Paulo Sérgio Bessa Linhares é um antropólogo, doutor em sociologia, jornalista e professor cearense
Paulo Sérgio Bessa Linhares é um antropólogo, doutor em sociologia, jornalista e professor cearense
Ontem repeti um padrão de comportamento que constitui uma espécie de cerimônia na minha vida. Saí para a rua, para uma livraria, e fui comprar um livro e um caderno de notas. Há anos, em todos os lugares em que eu morei - foram três: Fortaleza, São Paulo, Paris, ainda vou escrever sobre o que cada uma delas significa para mim-, quando estou angustiado, saio para achar um livro e um caderno onde começo a escrever notas sobre tudo o que preciso resolver, um follow up, como dizem os americanos, que vai deixar minha cabeça mais organizada e tranquila e um livro que vai conter alguma pista importante para meu futuro.

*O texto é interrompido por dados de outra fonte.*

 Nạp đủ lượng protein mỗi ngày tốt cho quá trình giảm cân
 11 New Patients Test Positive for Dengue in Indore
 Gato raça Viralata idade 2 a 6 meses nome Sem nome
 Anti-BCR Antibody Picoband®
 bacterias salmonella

Na livraria, mesmo sendo também uma papelaria, me revolto com o domínio que essa fabricante Cícero tem com o mercado de agendas e cadernos de notas no Brasil. Gosto de cadernos de diversos formatos e cores que vou guardando durante toda vida.
Ainda que insatisfeito, escolhi um cahier de notes, e sai à caça do livro. Então esbarrei num livro que tinha o Contardo Calligaris sorrindo, de olhos fechados, com camisa verde e blazer preto, e aqueles seus clássicos oclinhos de armação fina.

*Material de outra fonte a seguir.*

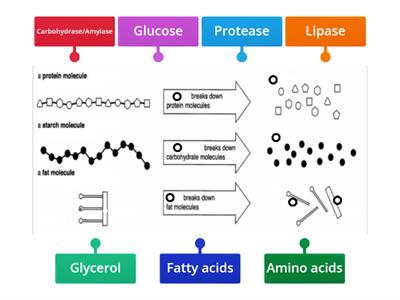 Enzymes & Digestion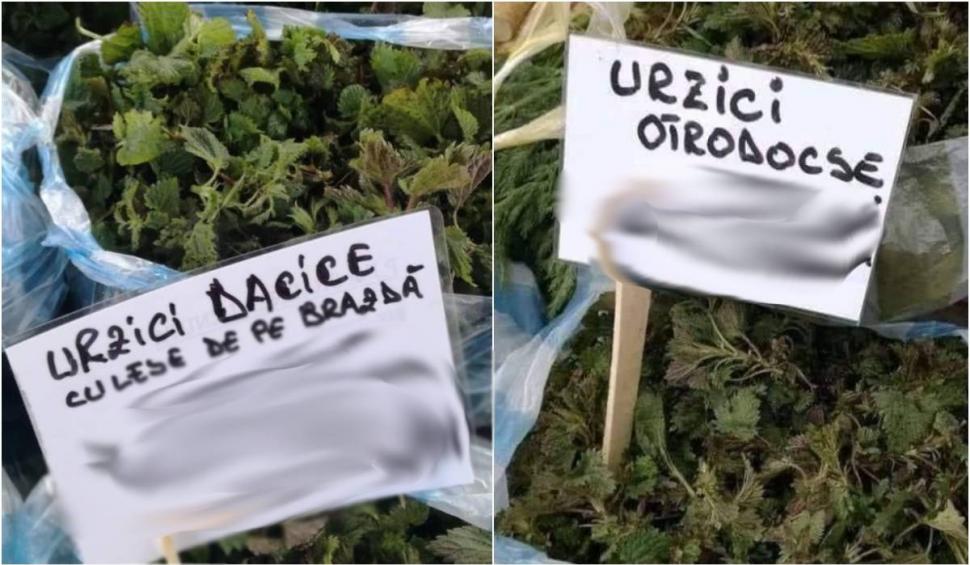"Urzici dacice" și "urzici ortodocse", vândute de români în piețe, virale pe internet. Cât costă un kilogram  823878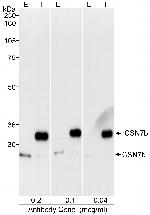 CSN7b Antibody in Western Blot (WB)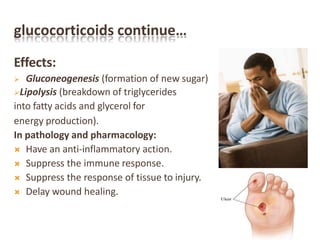 glucocorticoids continue…
Effects:
 Gluconeogenesis (formation of new sugar)
Lipolysis (breakdown of triglycerides
into fatty acids and glycerol for
energy production).
In pathology and pharmacology:
 Have an anti-inflammatory action.
 Suppress the immune response.
 Suppress the response of tissue to injury.
 Delay wound healing.
 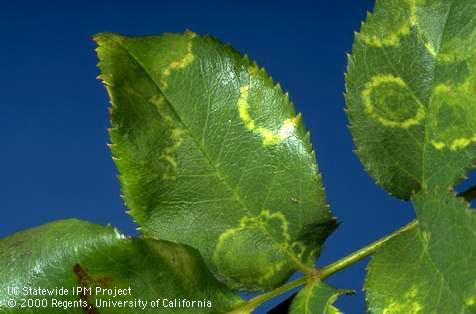 Necrotic ringspot virus ring patterns on rose leaves.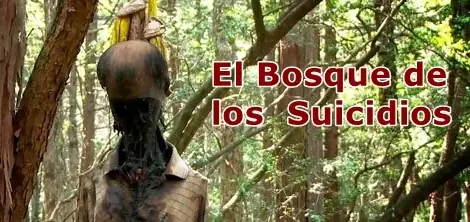 El Bosque de los Suicidios (Aokigahara)(Imagenes fuertes)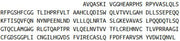 Recombinant Proteinase 3 (PR3), RPU43519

Sempre gostei do Calligaris e o li desde aquele seu primeiro livro, "Hello Brasil", onde ele mostra seu espanto com os filhos da alta burguesia brasileira, que são tratados pelos pais como príncipes, que devem ter todas suas vontades satisfeitas e os filhos dos seres normais são aqueles que devem receber não. Aproximei-me mais ainda dele quando o trouxe para uma palestra em Fortaleza e tivemos uma convivência mais próxima. A princípio ele é bem frio e depois um pouco mais cálido.
Já tinha visto o livro outras vezes, mas foi lançado um pouco após a morte e eu ainda estava fazendo o luto. Sou ruim de luto, me dizia sempre Adriana, que é uma excelente terapeuta. Ontem, na livraria, encarei o livrinho do Calligaris, que me espantou pela pretensão do título, "O Sentido da Vida" (Editora Paidós), mas só ao ler o livro todo fui entender do que ele ria. Era justamente pela empáfia do título que ele dera a seu livro.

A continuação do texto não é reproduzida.